Publié Le 30 Janvier 2013 à 12h25
 
Mardi 29 janvier, lors d'un déplacement en Bourgogne à l'usine Vallourec et à l'occasion d'une réunion du Comité stratégique de la filière nucléaire (CSFN) et en présence de Henri Proglio, Président-Directeur général d'EDF, les ministres Arnaud Montebourg (redressement productif) et Delphine Batho (Ecologie et énergie) ont annoncé la création d'un Fonds de modernisation des entreprises nucléaires de 133 millions d'euros.
Arnaud MONTEBOURG, ministre du Redressement productif et Delphine BATHO, ministre de l'Écologie, du Développement durable et de l'Énergie, ont présidé mardi 29 janvier sur le site de l'usine Valinox à Montbard (Côte d'Or) le Comité Stratégique de la Filière Nucléaire (CSFN), en présence de Henri Proglio, Président-Directeur général d'EDF, vice-président du CSFN.

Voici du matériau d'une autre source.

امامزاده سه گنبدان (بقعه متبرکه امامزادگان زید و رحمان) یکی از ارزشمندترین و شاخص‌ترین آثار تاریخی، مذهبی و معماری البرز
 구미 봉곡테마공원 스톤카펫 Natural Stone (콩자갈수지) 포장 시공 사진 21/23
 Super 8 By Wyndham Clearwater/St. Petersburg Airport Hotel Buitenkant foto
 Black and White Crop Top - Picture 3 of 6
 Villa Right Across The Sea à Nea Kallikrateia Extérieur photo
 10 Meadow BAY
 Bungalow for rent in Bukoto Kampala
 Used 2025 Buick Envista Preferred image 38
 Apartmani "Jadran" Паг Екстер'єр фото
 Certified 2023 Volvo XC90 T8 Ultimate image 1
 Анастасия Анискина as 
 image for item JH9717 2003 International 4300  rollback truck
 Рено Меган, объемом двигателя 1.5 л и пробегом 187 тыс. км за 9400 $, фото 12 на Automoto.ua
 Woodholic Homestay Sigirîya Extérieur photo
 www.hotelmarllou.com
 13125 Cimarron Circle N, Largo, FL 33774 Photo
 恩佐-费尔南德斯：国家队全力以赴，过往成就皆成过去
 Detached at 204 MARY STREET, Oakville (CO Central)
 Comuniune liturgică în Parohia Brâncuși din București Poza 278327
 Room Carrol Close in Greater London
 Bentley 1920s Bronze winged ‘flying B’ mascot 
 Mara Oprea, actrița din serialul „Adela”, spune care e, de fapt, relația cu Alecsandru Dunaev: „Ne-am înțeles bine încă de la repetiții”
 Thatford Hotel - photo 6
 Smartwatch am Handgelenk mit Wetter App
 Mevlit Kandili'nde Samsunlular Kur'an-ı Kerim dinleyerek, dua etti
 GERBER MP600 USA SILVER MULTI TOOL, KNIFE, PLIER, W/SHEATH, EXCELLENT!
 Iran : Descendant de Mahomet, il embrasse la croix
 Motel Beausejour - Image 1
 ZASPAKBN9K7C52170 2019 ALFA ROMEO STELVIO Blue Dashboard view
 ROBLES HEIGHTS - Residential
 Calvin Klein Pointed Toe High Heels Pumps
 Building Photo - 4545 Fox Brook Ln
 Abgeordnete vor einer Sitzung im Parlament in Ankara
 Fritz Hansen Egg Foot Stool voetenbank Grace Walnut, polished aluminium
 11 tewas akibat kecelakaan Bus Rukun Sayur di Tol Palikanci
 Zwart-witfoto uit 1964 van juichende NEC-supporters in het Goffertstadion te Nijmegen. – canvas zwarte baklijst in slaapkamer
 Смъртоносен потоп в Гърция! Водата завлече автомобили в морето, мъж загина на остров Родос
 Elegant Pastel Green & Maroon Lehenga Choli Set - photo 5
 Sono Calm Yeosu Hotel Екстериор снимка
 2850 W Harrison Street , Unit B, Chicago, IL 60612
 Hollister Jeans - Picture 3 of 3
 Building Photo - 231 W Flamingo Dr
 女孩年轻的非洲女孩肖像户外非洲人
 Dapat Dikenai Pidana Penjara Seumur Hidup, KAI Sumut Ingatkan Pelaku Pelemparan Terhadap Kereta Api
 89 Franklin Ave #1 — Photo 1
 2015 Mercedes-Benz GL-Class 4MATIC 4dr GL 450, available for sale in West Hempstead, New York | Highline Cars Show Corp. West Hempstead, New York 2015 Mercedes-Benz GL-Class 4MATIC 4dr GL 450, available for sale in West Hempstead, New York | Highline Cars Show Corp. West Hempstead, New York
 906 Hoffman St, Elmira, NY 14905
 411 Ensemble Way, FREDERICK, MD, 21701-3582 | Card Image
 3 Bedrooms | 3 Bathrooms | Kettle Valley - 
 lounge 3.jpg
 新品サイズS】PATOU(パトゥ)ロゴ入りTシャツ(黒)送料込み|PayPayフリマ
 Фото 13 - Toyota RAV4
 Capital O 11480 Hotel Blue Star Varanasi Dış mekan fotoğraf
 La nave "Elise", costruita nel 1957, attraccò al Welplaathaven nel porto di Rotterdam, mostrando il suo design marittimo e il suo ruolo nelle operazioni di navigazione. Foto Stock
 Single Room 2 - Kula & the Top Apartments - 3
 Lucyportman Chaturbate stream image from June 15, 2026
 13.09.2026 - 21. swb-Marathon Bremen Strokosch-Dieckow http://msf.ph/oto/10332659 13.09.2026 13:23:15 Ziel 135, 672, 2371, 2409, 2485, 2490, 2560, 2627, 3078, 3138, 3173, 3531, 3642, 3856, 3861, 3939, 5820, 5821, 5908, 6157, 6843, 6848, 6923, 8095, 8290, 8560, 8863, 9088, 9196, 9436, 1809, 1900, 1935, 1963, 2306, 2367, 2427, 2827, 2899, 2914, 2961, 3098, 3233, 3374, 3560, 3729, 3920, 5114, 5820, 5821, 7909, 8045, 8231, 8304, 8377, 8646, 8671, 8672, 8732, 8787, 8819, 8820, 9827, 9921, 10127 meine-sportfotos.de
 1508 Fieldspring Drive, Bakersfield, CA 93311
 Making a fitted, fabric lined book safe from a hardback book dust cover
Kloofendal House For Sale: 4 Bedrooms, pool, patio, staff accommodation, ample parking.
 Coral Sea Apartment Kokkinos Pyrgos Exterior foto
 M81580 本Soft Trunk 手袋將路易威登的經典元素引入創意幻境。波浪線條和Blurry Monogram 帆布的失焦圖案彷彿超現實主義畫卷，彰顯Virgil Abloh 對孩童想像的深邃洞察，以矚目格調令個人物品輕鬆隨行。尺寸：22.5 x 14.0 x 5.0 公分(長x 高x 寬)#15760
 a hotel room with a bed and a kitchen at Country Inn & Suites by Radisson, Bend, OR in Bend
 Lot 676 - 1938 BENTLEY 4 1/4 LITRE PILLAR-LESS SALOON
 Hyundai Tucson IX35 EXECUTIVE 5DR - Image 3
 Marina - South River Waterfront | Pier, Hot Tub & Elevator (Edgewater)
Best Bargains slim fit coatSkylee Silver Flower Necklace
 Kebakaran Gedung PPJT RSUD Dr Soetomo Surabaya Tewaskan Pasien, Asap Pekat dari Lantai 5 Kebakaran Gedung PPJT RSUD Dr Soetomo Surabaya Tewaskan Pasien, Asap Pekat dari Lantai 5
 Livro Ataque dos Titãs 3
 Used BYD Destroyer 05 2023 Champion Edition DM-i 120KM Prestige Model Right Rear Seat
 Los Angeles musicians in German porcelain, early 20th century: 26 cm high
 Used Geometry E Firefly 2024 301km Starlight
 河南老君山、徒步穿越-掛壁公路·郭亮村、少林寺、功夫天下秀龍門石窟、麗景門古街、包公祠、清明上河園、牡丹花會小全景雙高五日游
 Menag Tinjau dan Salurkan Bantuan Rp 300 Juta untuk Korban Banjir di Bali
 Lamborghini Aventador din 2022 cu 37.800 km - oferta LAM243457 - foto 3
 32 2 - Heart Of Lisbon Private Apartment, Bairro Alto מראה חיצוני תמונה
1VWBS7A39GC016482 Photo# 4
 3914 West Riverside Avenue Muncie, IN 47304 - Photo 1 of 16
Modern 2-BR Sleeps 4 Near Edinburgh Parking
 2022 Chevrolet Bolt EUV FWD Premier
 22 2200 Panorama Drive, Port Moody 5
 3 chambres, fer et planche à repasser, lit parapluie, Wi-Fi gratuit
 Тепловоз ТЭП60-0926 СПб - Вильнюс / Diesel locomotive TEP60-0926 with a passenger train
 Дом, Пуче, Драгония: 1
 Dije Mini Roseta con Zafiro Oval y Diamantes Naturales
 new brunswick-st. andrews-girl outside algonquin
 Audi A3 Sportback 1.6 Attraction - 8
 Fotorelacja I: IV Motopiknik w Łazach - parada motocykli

Le " contrat de filière " annoncé lors de cette réunion comprend des mesures destinées à inciter les jeunes à se tourner vers les métiers du secteur nucléaire, à soutenir l'innovation, à accompagner la transition énergétique, et à renforcer la cohésion de la filière pour conquérir des marchés à l'export. L'État et les industriels se mobiliseront pour faire connaître ces métiers auprès des jeunes et maintenir l'excellence de l'offre de formation.

Le gouvernement a en effet pour objectif de mettre en valeur la filière nucléaire en France et de permettre de promouvoir l'offre de la filière française notamment à l'international. Ainsi, "pour faire émerger nos futures " pépites " et financer leur développement, l'État et les principaux industriels de la filière ont créé ce jour le " fonds de modernisation des entreprises nucléaires ", doté de 133 millions d'euros dont 50 millions dotés par la BPI, à travers le Fonds Stratégique d'Investissement" a précisé le ministère de l'Ecologie dans un communiqué.

Malgré la volonté du gouvernement de réduire son poids dans le système énergétique français, le nucléaire continuera ainsi à jouer un rôle important en France. Ce soutient officiel de l'Etat à l'atome crée aujourd'hui la colère des écologistes et des ONG anti-nucléaire.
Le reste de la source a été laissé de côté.